He served on the General Council of the Bar in his thirties (a reliable barometer for future success), took Silk in 1961 and became the youngest High Court judge in 1966 while still in his mid-forties.

Yet he was still largely unknown outside the legal profession until he was hoisted aboard the Heath government's controversial and ill-fated Industrial Relations Tribunal (NIRC) in 1971. As its first and last president, Donaldson became the most written-about judge in the country, but he proved remarkably comfortable in the public eye and calm under fire.

To trades unionists, he was Heath's judicial union-bashing stick. They nicknamed him "Black Jack" and said he had "the fastest gun in the west". Michael Foot, who, as employment secretary, shut the court when Labour returned to power in 1974, spoke of Donaldson's "trigger-happy judicial finger".

Lawyers, however, found him a fair-minded judge trying to apply the law laid down by parliament. Donaldson wanted recognition for this impartiality. He often went out of his way to give unions a fair crack of the whip, and tried to be as informal as possible, wearing plain clothes instead of a wig and robes. But the legislation was fatally flawed, and the unions not ripe for reform.

One hundred and eighty-one Labour MPs signed a motion for his dismissal after he ordered the sequestration of £75,000 from the engineering workers' union funds to pay a fine for contempt of court. Donaldson took the unusual step of publicly defending himself against their accusations of political bias.

"It may or may not be a good thing to inject the law into industrial relations," he said. "That is a political matter and not for us."

When the court was abolished in 1974, Donaldson remarked that it was "the fate of neutrals to be abused and wounded - sometimes mortally - by both parties to the hostilities".

On his return to the Bench Donaldson sat in the commercial court, from where he watched less able colleagues gaining promotion to the Court of Appeal - knowing all along that elevation for him was unlikely so long as Labour remained in power. Lord Elwyn Jones, the Lord Chancellor, admitted in private that Donaldson deserved promotion, but that it would be more trouble than it was worth. During his time in judicial Siberia, Donaldson did a lot of sailing and built a lot of cupboards and shelves.

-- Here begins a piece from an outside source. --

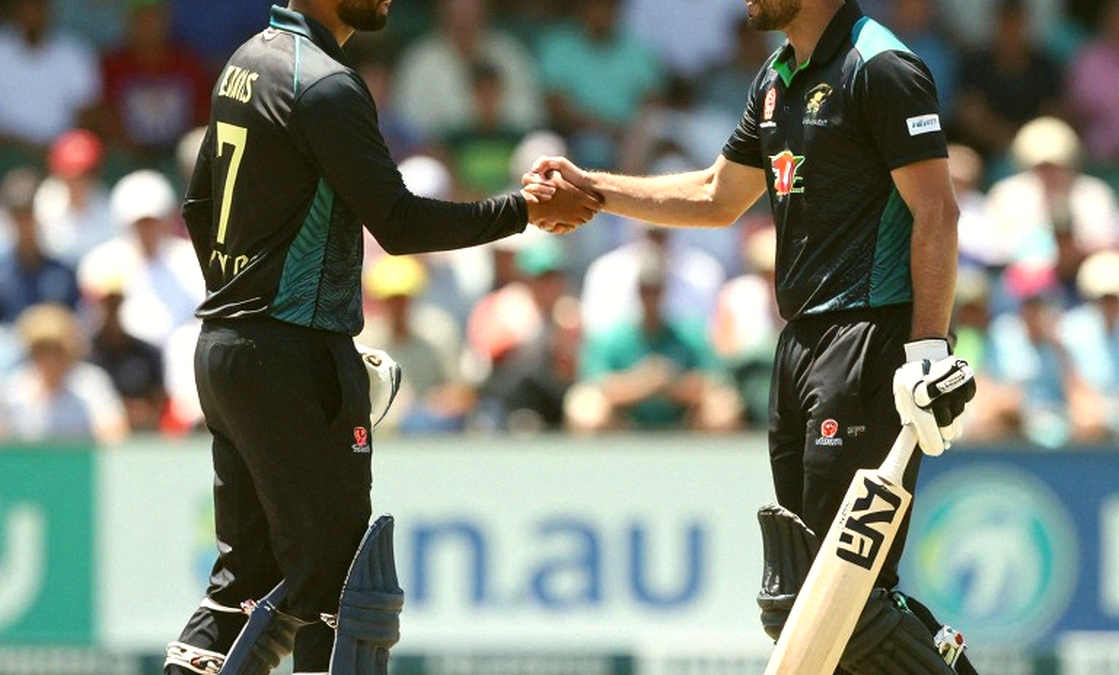 The Rs 5 Crore Rumor: Kohli, the Market of Faith, and Cricket's Invisible Economy The Rs 5 Crore Rumor: Kohli, the Market of Faith, and Cricket's Invisible Economy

Two months after winning the 1979 election, Margaret Thatcher sent Donaldson to the Court of Appeal. In various cases, he ruled that police had no automatic right to remove bras, braces, belts and shoelaces when searching prisoners; warned them not to bend the rules concerning custody time limits; and upheld the principle that "an Englishman's home is his castle" by denying police the right to enter a house to seize evidence without first obtaining a warrant.

In 1982 several of the judges whom Lord Hailsham sounded out were strongly opposed to Donaldson's appointment as Master of the Rolls, particularly in the Chancery Division, where they wanted an intellectual heavyweight. Mrs Thatcher was reputed to have said: "Fortunately, Lord Chancellor, your judges do not appoint the Master of the Rolls. I do."

As head of the civil division of the Court of Appeal, Donaldson became the country's most politically important judge. He could, in theory, choose which cases he heard and who sat with him.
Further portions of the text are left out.